Two residents told the Buckingham County Board of Supervisors they fear construction at the Riverstone Solar site is harming streams and downstream properties, citing multiple Virginia DEQ findings and inconsistent third‑party inspection reports; the board said the county attorney advised no board action was required.

Johnny Doria, a District 6 resident, urged the Buckingham County Board of Supervisors to explain why Riverstone Solar’s special-use permit extension request (referred to in public comment as SUP299) had not been acknowledged while other solar applicants received extensions. "You never granted it. You didn't even acknowledge it," Doria said, arguing that without a board extension Condition 4 could render the SUP null and void and expose taxpayers to cleanup risk. He referenced a Nov. 4 letter from Jimmy Merrick to "Mr. Carter" asking again for an extension and asked the board for a public answer.

An official identified in the meeting as speaker 7 told the board that the county attorney had advised the board it did not need to take action under statute, explaining why the board had not taken formal action on Riverstone’s request. Doria told the board that the attorney's advice "was not put on record" and said he would continue pressing the issue.

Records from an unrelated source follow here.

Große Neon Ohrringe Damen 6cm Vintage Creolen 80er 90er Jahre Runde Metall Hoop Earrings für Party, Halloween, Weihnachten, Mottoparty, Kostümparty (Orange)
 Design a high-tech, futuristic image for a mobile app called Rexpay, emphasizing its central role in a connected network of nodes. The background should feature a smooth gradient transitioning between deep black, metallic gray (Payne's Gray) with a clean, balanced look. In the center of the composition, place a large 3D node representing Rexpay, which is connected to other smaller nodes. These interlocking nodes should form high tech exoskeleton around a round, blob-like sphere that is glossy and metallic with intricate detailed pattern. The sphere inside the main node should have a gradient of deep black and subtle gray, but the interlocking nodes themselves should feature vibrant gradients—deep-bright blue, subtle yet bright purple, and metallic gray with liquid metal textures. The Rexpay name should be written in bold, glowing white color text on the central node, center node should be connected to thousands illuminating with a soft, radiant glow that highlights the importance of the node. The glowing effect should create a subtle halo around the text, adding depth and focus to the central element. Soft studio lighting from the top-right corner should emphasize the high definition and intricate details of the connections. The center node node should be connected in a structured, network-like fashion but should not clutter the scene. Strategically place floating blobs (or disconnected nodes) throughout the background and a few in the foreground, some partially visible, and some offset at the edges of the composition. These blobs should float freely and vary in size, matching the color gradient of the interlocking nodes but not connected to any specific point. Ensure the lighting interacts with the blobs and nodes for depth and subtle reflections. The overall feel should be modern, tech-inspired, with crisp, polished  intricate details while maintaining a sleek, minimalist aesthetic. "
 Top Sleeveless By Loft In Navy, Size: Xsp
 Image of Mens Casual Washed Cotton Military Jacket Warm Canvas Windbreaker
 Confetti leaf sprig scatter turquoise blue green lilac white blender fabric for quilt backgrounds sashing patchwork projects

Ruth Olinger Aldridge, who lives near 652 Bridgeport Road, told the board the Riverstone site has cleared about 85 acres and that Virginia’s Department of Environmental Quality (DEQ) inspected the site three times this year, each time documenting findings that required corrective action. "DEQ documented silt fence undermining and lack of adequate stabilization," Aldridge said, and she urged the board to "pause on this and hold them accountable." Aldridge said an independent third‑party inspector, added by the county after DEQ’s second inspection, reached different conclusions and did not require corrective action, raising questions about the effectiveness of the additional oversight.

A member of the public who visited the site (identified by the meeting as Fulton construction) said he saw reseeding and other remediation work and reported that the contractor had submitted a bid to complete the project, saying it appeared ‘‘drastically different’’ from prior visits.

Board members did not take immediate policy action during the meeting on Riverstone; one board speaker cited legal advice from the county attorney that no action was required. The board did not announce a specific follow-up at the meeting. Advocates asked the board to consider the DEQ findings and the newly published Virginia Tech research on large utility‑scale solar projects and stormwater runoff when determining oversight or enforcement steps.